Village in Punjab, India

Tajowal is a village in Shaheed Bhagat Singh Nagar district of Punjab State, India. It is located 14 km away from post office Rahon, 20 km from Nawanshahr, 22 km from district headquarter Shaheed Bhagat Singh Nagar and 82 km from state capital Chandigarh. The village is administrated by Sarpanch an elected representative of the village.

== Demography ==
As of 2011, Tajowal has a total number of 89 houses and population of 483 of which 246 include are males while 237 are females according to the report published by Census India in 2011. The literacy rate of Tajowal is 79.76% higher than the state average of 75.84%. The population of children under the age of 6 years is 63 which is 13.04% of total population of Tajowal, and child sex ratio is approximately 703 as compared to Punjab state average of 846.

Most of the people are from Schedule Caste which constitutes 68.74% of total population in Tajowal. The town does not have any Schedule Tribe population so far.

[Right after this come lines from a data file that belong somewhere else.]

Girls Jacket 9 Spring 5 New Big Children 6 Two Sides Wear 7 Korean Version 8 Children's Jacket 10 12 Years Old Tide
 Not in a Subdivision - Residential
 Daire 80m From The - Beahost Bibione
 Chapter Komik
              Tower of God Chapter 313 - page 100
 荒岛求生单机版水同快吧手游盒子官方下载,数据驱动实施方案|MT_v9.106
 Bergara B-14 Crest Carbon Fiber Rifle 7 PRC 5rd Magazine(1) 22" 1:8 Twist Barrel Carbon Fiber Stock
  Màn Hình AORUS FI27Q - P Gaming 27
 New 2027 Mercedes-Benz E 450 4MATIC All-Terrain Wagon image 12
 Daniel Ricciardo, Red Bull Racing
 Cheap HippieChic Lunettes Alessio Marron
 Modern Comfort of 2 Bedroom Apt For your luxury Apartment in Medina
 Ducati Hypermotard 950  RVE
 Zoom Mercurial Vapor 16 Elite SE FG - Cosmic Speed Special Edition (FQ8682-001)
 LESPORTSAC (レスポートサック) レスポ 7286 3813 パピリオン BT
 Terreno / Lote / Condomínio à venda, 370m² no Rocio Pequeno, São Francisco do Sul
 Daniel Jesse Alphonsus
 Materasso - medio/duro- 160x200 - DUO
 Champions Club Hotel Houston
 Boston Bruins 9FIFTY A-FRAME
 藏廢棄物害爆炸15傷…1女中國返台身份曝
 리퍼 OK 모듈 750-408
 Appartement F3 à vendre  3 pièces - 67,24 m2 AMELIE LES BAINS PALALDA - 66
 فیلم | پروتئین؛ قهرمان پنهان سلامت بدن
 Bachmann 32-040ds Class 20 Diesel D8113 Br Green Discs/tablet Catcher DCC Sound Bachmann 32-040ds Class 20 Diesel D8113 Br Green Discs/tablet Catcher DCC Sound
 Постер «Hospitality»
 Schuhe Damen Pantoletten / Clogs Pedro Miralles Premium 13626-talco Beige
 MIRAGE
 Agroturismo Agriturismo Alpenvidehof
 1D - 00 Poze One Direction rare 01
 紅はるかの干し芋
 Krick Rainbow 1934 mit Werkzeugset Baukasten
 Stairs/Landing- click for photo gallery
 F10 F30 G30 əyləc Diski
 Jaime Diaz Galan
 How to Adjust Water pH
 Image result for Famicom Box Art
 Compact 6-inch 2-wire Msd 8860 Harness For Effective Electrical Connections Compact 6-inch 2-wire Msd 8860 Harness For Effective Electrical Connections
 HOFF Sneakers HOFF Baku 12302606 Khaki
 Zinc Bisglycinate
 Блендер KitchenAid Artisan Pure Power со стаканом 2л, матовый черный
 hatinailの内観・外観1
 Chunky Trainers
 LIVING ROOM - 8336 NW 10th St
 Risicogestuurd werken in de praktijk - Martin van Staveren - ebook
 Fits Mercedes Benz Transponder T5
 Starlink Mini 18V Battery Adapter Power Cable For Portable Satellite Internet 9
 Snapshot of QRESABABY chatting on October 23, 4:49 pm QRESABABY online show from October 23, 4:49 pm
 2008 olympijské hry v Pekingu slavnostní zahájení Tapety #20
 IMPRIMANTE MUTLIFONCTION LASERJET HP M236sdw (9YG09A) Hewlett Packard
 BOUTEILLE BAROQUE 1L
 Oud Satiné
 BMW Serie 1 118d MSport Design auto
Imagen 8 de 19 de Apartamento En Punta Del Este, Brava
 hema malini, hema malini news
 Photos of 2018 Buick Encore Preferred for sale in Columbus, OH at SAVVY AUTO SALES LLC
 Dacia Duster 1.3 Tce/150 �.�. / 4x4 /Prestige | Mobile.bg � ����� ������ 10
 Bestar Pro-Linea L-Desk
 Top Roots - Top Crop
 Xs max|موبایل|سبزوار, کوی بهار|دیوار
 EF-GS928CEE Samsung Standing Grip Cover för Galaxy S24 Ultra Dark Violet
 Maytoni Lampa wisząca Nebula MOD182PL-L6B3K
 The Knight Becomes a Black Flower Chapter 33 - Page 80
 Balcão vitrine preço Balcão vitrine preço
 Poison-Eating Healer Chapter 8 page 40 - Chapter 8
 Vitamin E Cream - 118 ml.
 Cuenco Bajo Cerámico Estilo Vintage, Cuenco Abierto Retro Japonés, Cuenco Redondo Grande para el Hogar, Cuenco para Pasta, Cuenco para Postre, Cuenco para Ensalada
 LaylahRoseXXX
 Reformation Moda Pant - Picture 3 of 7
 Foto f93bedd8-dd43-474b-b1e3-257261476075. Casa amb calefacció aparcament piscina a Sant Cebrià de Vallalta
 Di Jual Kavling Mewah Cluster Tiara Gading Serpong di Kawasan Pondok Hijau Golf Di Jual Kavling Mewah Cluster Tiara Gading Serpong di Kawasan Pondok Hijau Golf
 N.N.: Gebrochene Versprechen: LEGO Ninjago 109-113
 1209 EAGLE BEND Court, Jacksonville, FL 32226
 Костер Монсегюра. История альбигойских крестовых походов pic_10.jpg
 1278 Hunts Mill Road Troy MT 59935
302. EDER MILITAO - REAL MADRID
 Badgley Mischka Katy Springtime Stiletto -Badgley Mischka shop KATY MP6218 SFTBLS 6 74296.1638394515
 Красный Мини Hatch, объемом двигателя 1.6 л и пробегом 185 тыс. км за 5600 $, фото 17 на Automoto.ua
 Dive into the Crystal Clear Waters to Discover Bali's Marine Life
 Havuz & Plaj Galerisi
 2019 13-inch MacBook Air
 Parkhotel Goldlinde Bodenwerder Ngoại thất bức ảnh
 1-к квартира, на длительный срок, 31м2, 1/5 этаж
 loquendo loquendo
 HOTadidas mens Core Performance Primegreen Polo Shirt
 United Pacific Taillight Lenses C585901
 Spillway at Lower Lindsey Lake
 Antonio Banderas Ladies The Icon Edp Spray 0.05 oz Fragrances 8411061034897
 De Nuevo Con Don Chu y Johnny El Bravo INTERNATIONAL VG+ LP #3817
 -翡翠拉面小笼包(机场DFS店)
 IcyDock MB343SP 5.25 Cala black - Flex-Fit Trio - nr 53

As per the report published by Census India in 2011, 176 people were engaged in work activities out of the total population of Tajowal which includes 120 males and 56 females. According to census survey report 2011, 38.07% workers describe their work as main work and 61.93% workers are involved in Marginal activity providing livelihood for less than 6 months.

== Education ==
The village has a Punjabi medium, co-ed primary school established in 1970. The school provide mid-day meal per Indian Midday Meal Scheme. As per Right of Children to Free and Compulsory Education Act the school provide free education to children between the ages of 6 and 14.

KC Engineering College and Doaba Khalsa Trust Group Of Institutions are the nearest colleges. Industrial Training Institute for women (ITI Nawanshahr) is 16 km. The village is 68 km away from Chandigarh University, 45 km from Indian Institute of Technology and 61 km away from Lovely Professional University.

== Transport ==
Nawanshahr train station is the nearest train station however, Garhshankar Junction railway station is 27 km away from the village. Sahnewal Airport is the nearest domestic airport which located 49 km away in Ludhiana and the nearest international airport is located in Chandigarh also Sri Guru Ram Dass Jee International Airport is the second nearest airport which is 171 km away in Amritsar.